**Given information:**
_ _ _
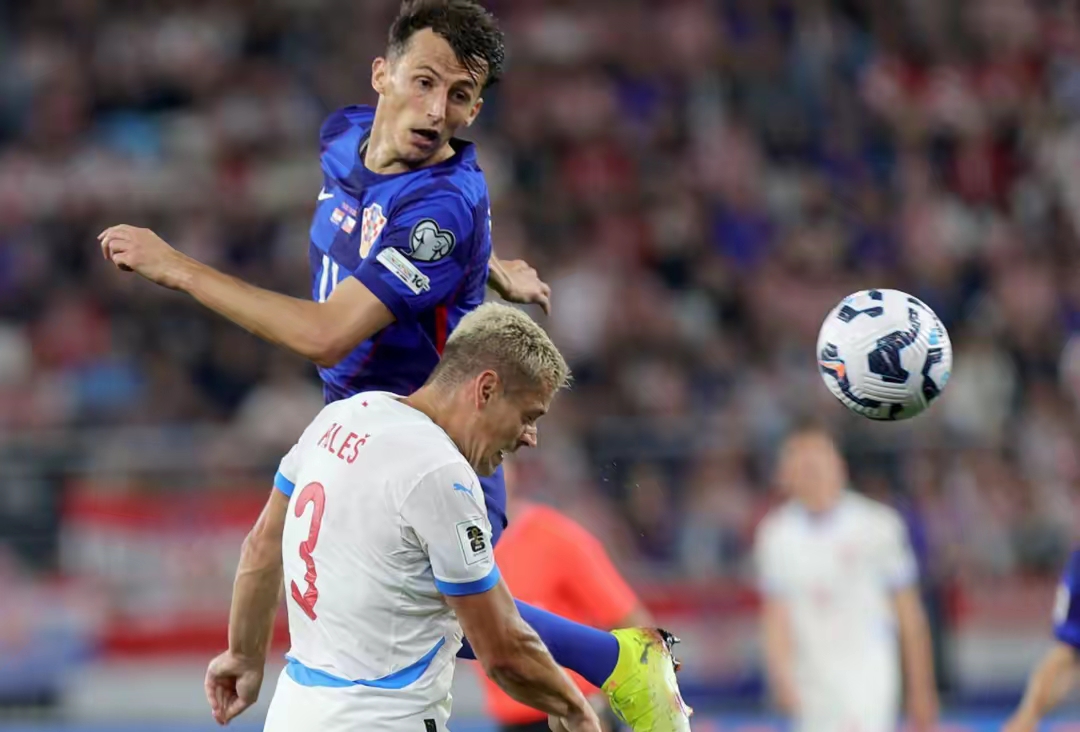 关于赛地聚焦——德国杯冲刺阶段热度飙升；克里夫兰骑士远射贴柱；信心回归；临场指挥获称赞的信息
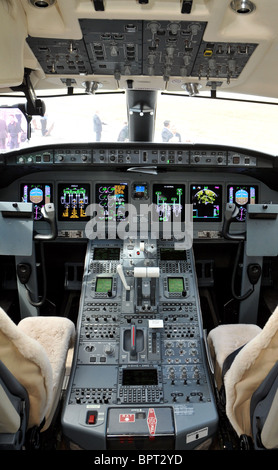 Boeing 777, Cockpiteinrichtung, Flugdeck Stockfoto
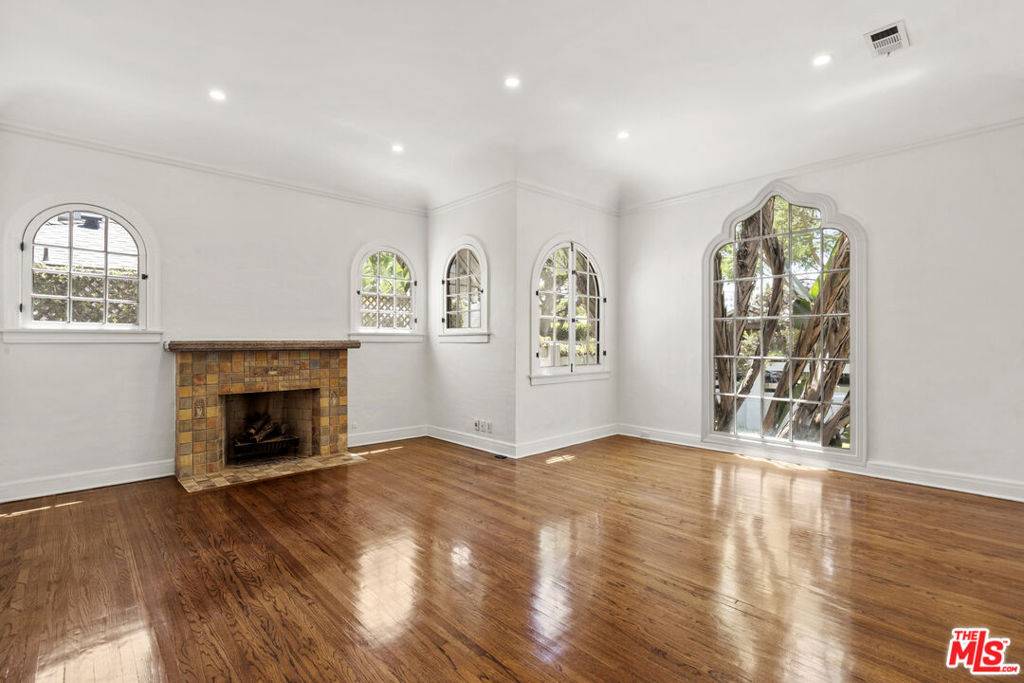 West Hollywood, CA 90048,448 Westmount DR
_ _ _
**What to produce:**
Only the pictures are to be left out; copy all the remaining material above exactly.

**Your solution:**
 关于赛地聚焦——德国杯冲刺阶段热度飙升；克里夫兰骑士远射贴柱；信心回归；临场指挥获称赞的信息
 Boeing 777, Cockpiteinrichtung, Flugdeck Stockfoto
 West Hollywood, CA 90048,448 Westmount DR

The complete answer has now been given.